The literature reviewed on deep learning for intention recognition, as shown in the table, reveals that the subdomains have shifted from network security to social media (4 out of 10 articles) and physical security (3 out of 10 articles), while only two article focuses on network security. This shift in focus from network security to social media and physical security suggests that intention recognition is becoming more relevant in these domains. Additionally, a new subdomain related to AI security has emerged. The emergence of this new subdomain highlights the need for intention recognition-based models in the context of securing AI itself. Transfer learning is employed in many cases to improve the performance of deep learning models. This also indicates that deep learning models can benefit from pre-trained models to improve their performance.

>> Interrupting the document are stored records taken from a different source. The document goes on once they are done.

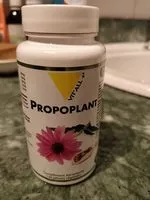 Mängden socker i Propoplant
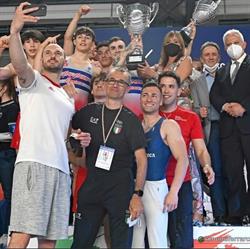 Societa'ginnastica Pro Patria Bustese Sportiva
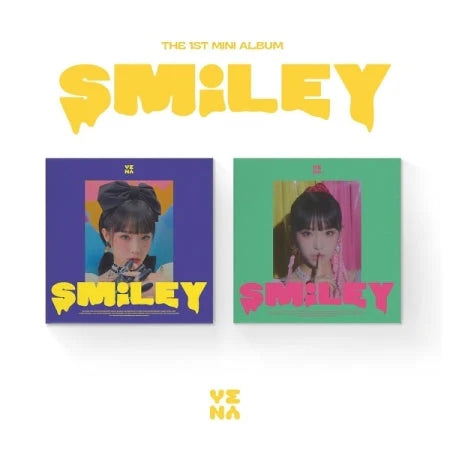 CHOI YENA - SMiLEY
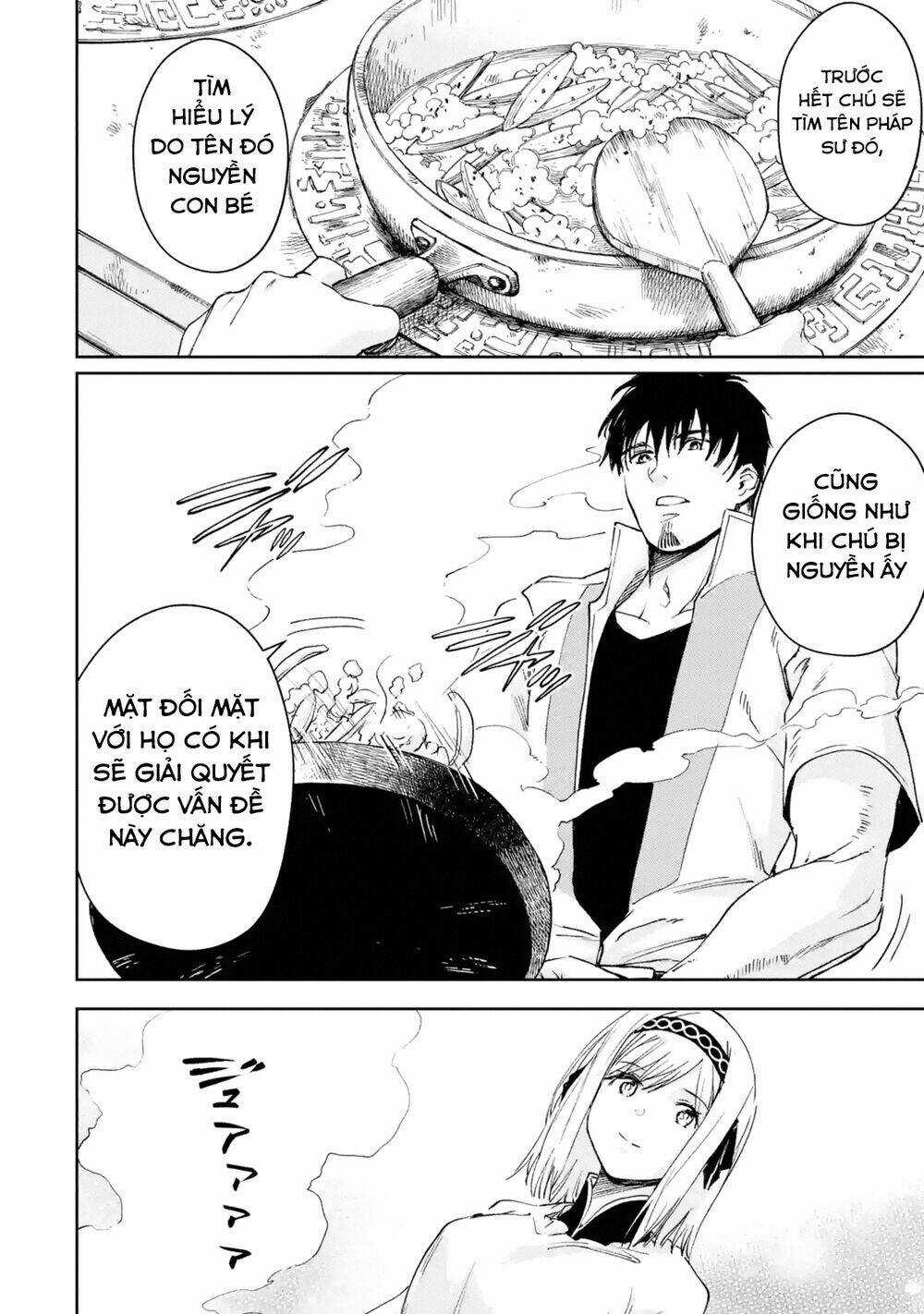 I'm A Middle-Aged Man Who Got My Adventurer License Revoked Chapter 28 trang 14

However, Deep learning approaches also have several disadvantages. Firstly, they require a large amount of training data to achieve high accuracy, similar to classical machine learning approaches. Secondly, they are not explicable, to the extent that even the designers don’t know how the conclusions are inferred from the input evidence. This lack of transparency can also make it difficult to debug and improve the model. Thirdly, most deep learning models cannot learn new classes from live/online data. This means that if the model encounters a new class of data that it has not seen before, it will not be able to recognize it. Finally, deep learning models require high computational power to train and run, which can be a significant barrier to entry for many researchers and organizations. These limitations can make it challenging to use deep learning approaches for intention recognition in practice.